A One-Step, Streamlined Children's Vision Screening Solution Based on Smartphone Imaging for Resource-Limited Areas: Design and Preliminary Field Evaluation.

  • Shuoxin Ma
  • Yongqing Guan
  • Yazhen Yuan
  • Yuan Tai
  • Tan Wang
PMID: 32673243 DOI: 10.2196/18226.




BACKGROUND: Young children's vision screening, as part of a preventative health care service, produces great value for developing regions. Besides yielding a high return on investment from forestalling surgeries using a low-cost intervention at a young age, it improves school performance and thus boosts future labor force quality. Leveraging low-skilled health care workers with smartphones and automated diagnosis to offer such programs can be a scalable model in resource-limited areas.



OBJECTIVE: This study aimed to develop and evaluate an effective, efficient, and comprehensive vision screening solution for school children in resource-limited areas. First, such an exam would need to cover the major risk factors of amblyopia and myopia, 2 major sources of vision impairment effectively preventable at a young age. Second, the solution must be integrated with digital patient record-keeping for long-term monitoring and popular statistical analysis. Last, it should utilize low-skilled technicians and only low-cost tools that are available in a typical school in developing regions, without compromising quality or efficiency.



METHODS: A workflow for the screening program was designed and a smartphone app was developed to implement it. In the standardized screening procedure, a young child went through the smartphone-based photoscreening in a dark room. The child held a smartphone in front of their forehead, displaying pre-entered personal information as a quick response code that duplexed as a reference of scale. In one 10-second procedure, the child's personal information and interpupillary distance, relative visual axis alignment, and refractive error ranges were measured and analyzed automatically using image processing and artificial intelligence algorithms. The child's risk for strabismus, myopia, and anisometropia was then derived and consultation given.

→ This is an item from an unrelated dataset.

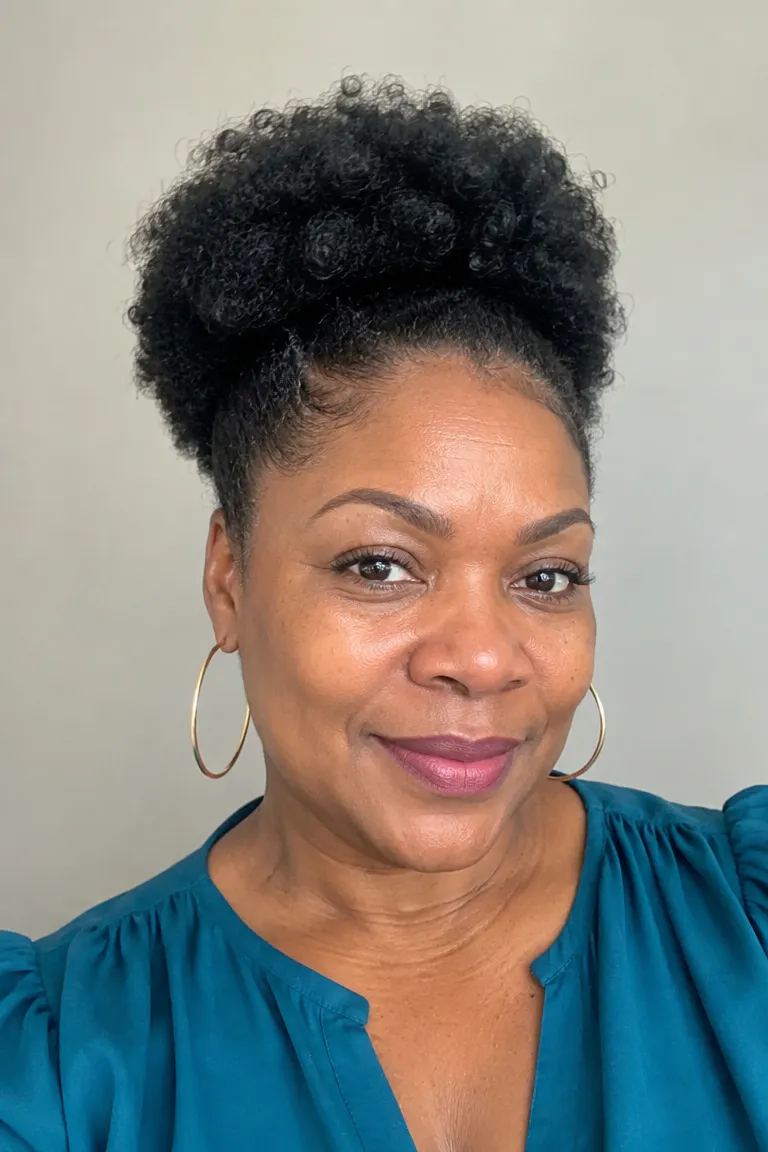 Older Black woman with a short rounded afro puff cut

RESULTS: A preliminary evaluation of the solution was conducted alongside yearly physical exams in Luoyang, Henan, People's Republic of China. It covered 20 students with suspected strabismus and 80 randomly selected students, aged evenly between 8 and 10. Each examinee took about 1 minute, and a streamlined workflow allowed 3 exams to run in parallel. The 1-shot and 2-shot measurement success rates were 87% and 100%, respectively. The sensitivity and specificity of strabismus detection were 0.80 and 0.98, respectively. The sensitivity and specificity of myopia detection were 0.83 and 1.00, respectively. The sensitivity and specificity of anisometropia detection were 0.80 and 1.00, respectively.



CONCLUSIONS: The proposed vision screening program is effective, efficient, and scalable. Compared with previously published studies on utilizing a smartphone for an automated Hirschberg test and photorefraction screening, this comprehensive solution is optimized for practicality and robustness, and is thus better ready-to-deploy. Our evaluation validated the achievement of the program's design specifications.